* **WHAT IS BEING ASKED**:
Can you transcribe the data exactly? Leave the pictures out.

* **GIVEN DATA**:
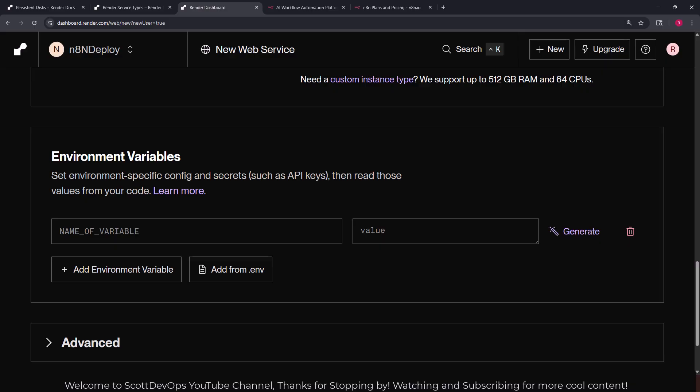All paid instances support zero downtime, SSH access, scaling, one-off jobs and support for a persistent disk which is important for what we need. So I'll go ahead and select starter. And now for environment variables we need to add in a value there. I'm going to grab that from their guide.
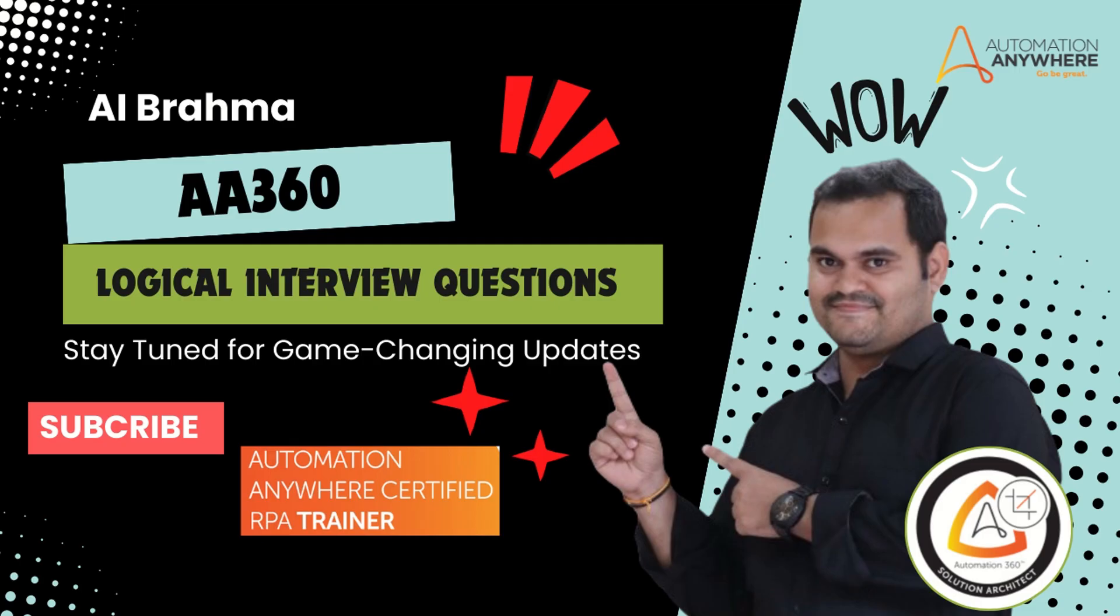Hello everyone, welcome to AI Brahma YouTube channel. My name is Ganesh.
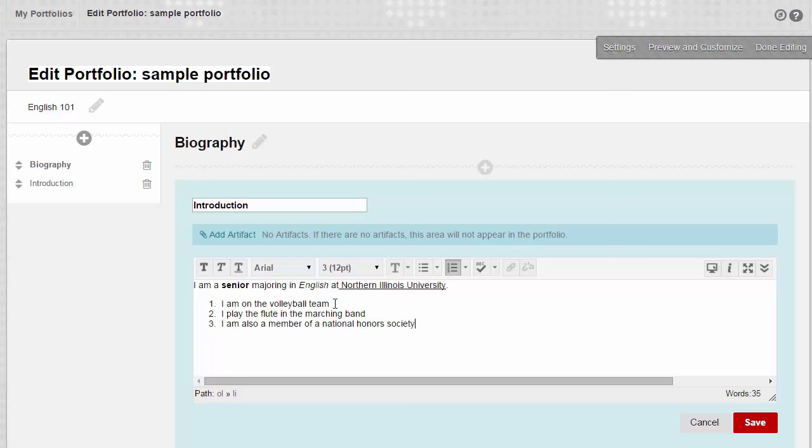You may only see one row of buttons, but there are a lot more tools available to you. If you only see one line of buttons, click the Show More button at the far right to open additional formatting tools. The Show More button is represented by two down pointing arrows.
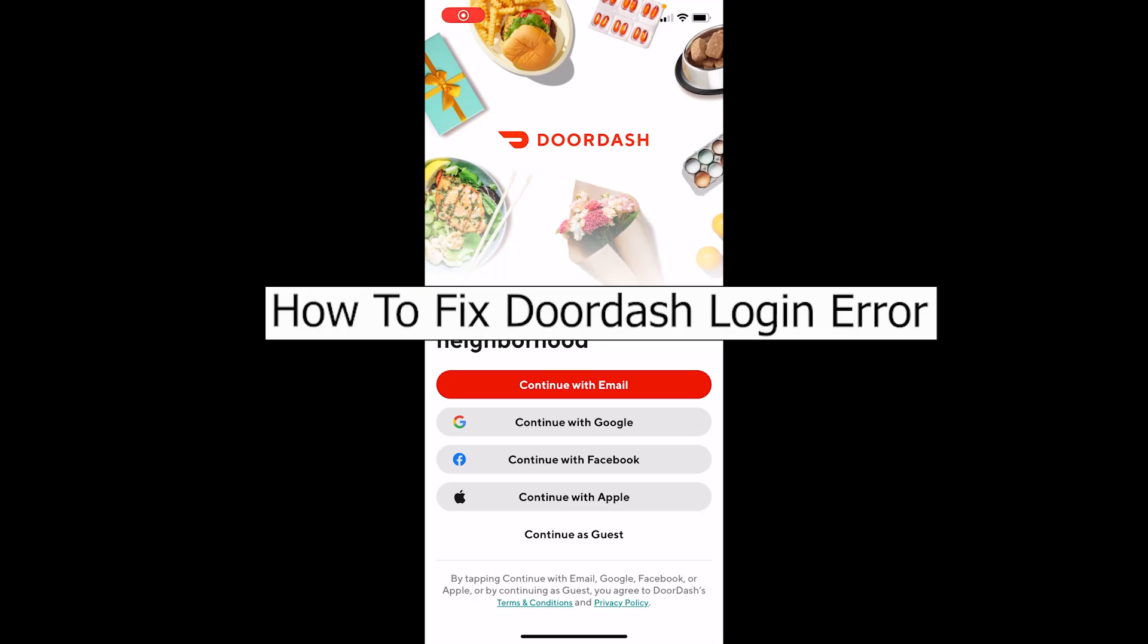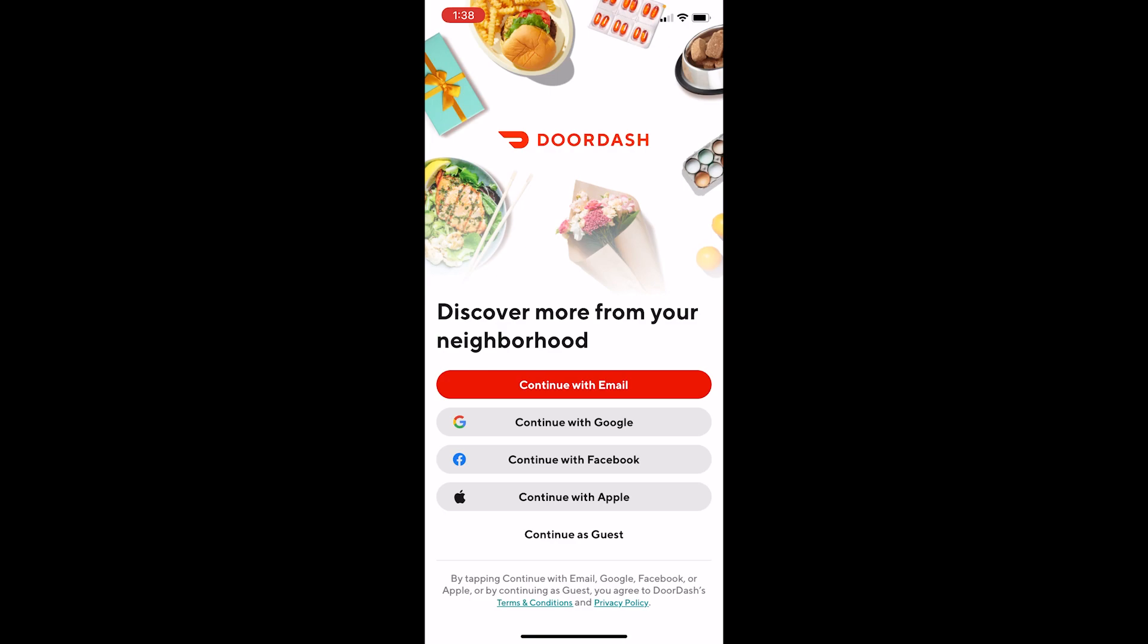Welcome to our channel Beginners Guide, where we post guide videos. In today's video, I'll be teaching you how to fix your Doordash login error. Let's say you open Doordash and try to login into your account but are not able to.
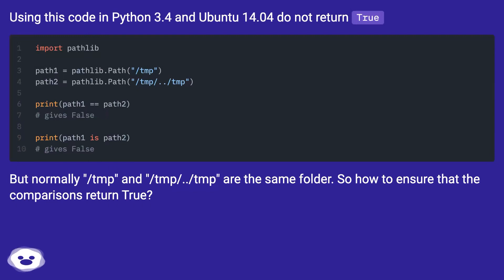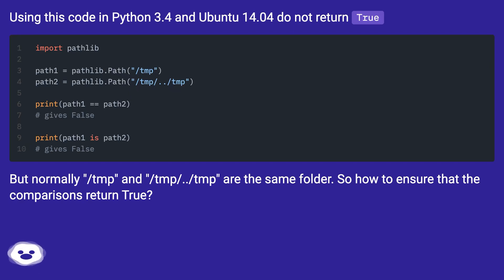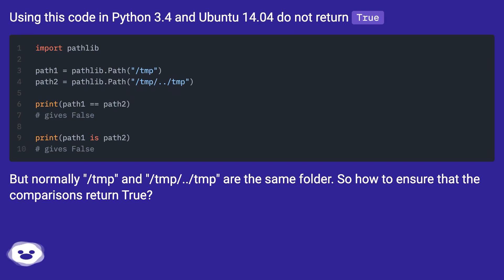Using this code in Python 3.4 and Ubuntu 14.04 does not return true. But normally /tmp and /tmp/../tmp are the same folder. So how to ensure that the comparisons return true?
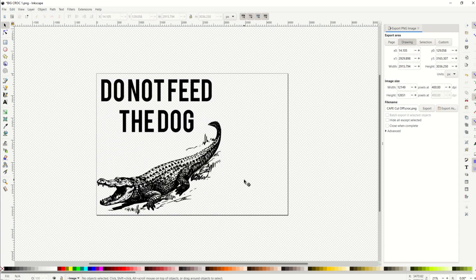Psychedelic crocodile! Hope you found that helpful — quick little tip there in Inkscape. I love Inkscape. Here's another video if you like using Inkscape that hopefully you'll find helpful. Thanks a lot for watching.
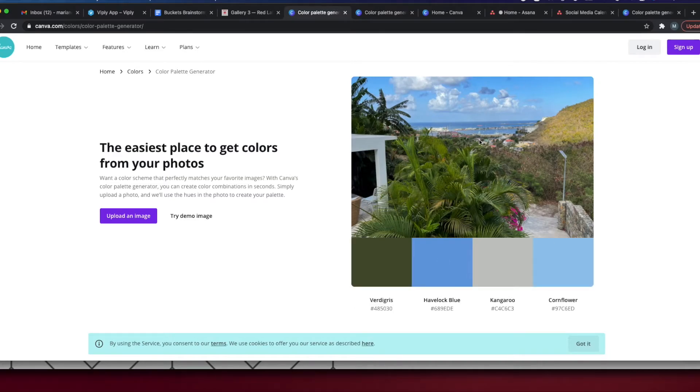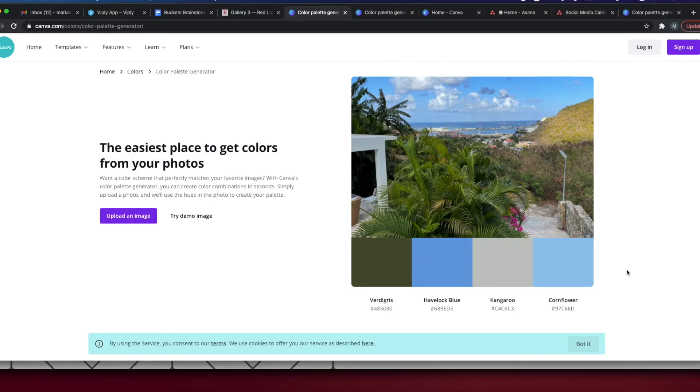And as you can see it has taken the colors from the photo and put them directly into a color palette. That is a super easy way to create a color palette from a photo.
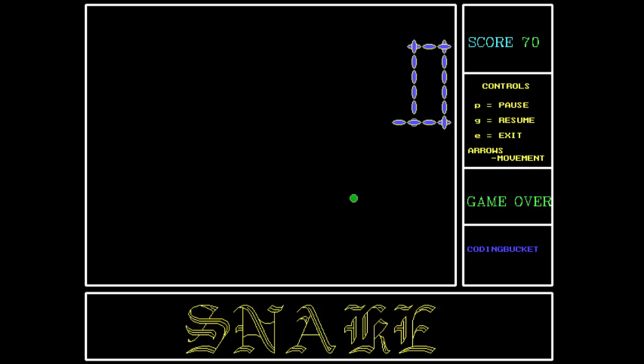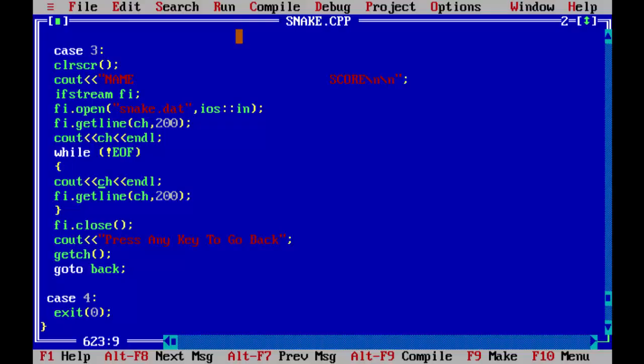And the game is over. So guys, this was the demonstration of Snake Xenia game using C++ language. Thank you for watching.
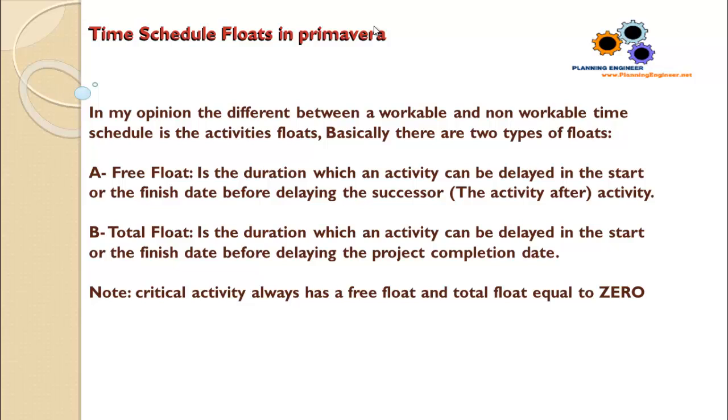It means every day delay in this activity will delay the overall project completion date by one day. And the critical activities always have a free float and total float equal to zero.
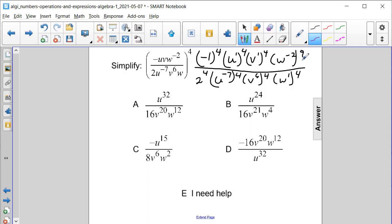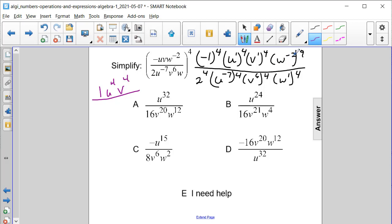Because all of these initial exponents outside are positive, we don't have to worry about switching things until we finish executing the power to a power. So we have negative one to the fourth — we can evaluate that too — and negative one to the fourth is positive one. Then u to the first to the fourth will be u to the fourth. V to the first to the fourth will be v to the one times four, which is four. And w to the negative second quantity to the fourth power will give us w to the negative two times four, or negative eight — w to the negative eight.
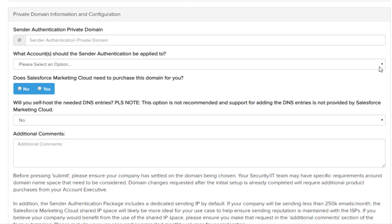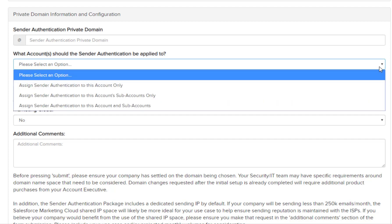In this section: what account should the sender authentication be applied to? You'll have a dropdown with three options. Option one: assign the sender authentication to this account only — this means our setup team will only assign the SAP to the account ID mentioned in the form. Option two: assign sender authentication to the account sub-account only — our setup team will only apply the SAP to all the child MIDs under the MID mentioned in the account ID section. Option three: assign sender authentication to this account and all sub-accounts — our setup team will assign the SAP to all the account IDs mentioned above.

* **WRITTEN SOLUTION**:
All paid instances support zero downtime, SSH access, scaling, one-off jobs and support for a persistent disk which is important for what we need. So I'll go ahead and select starter. And now for environment variables we need to add in a value there. I'm going to grab that from their guide.
Hello everyone, welcome to AI Brahma YouTube channel. My name is Ganesh.
You may only see one row of buttons, but there are a lot more tools available to you. If you only see one line of buttons, click the Show More button at the far right to open additional formatting tools. The Show More button is represented by two down pointing arrows.
Welcome to our channel Beginners Guide, where we post guide videos. In today's video, I'll be teaching you how to fix your Doordash login error. Let's say you open Doordash and try to login into your account but are not able to.
Using this code in Python 3.4 and Ubuntu 14.04 does not return true. But normally /tmp and /tmp/../tmp are the same folder. So how to ensure that the comparisons return true?
Psychedelic crocodile! Hope you found that helpful — quick little tip there in Inkscape. I love Inkscape. Here's another video if you like using Inkscape that hopefully you'll find helpful. Thanks a lot for watching.
And as you can see it has taken the colors from the photo and put them directly into a color palette. That is a super easy way to create a color palette from a photo.
And the game is over. So guys, this was the demonstration of Snake Xenia game using C++ language. Thank you for watching.
It means every day delay in this activity will delay the overall project completion date by one day. And the critical activities always have a free float and total float equal to zero.
Because all of these initial exponents outside are positive, we don't have to worry about switching things until we finish executing the power to a power. So we have negative one to the fourth — we can evaluate that too — and negative one to the fourth is positive one. Then u to the first to the fourth will be u to the fourth. V to the first to the fourth will be v to the one times four, which is four. And w to the negative second quantity to the fourth power will give us w to the negative two times four, or negative eight — w to the negative eight.
In this section: what account should the sender authentication be applied to? You'll have a dropdown with three options. Option one: assign the sender authentication to this account only — this means our setup team will only assign the SAP to the account ID mentioned in the form. Option two: assign sender authentication to the account sub-account only — our setup team will only apply the SAP to all the child MIDs under the MID mentioned in the account ID section. Option three: assign sender authentication to this account and all sub-accounts — our setup team will assign the SAP to all the account IDs mentioned above.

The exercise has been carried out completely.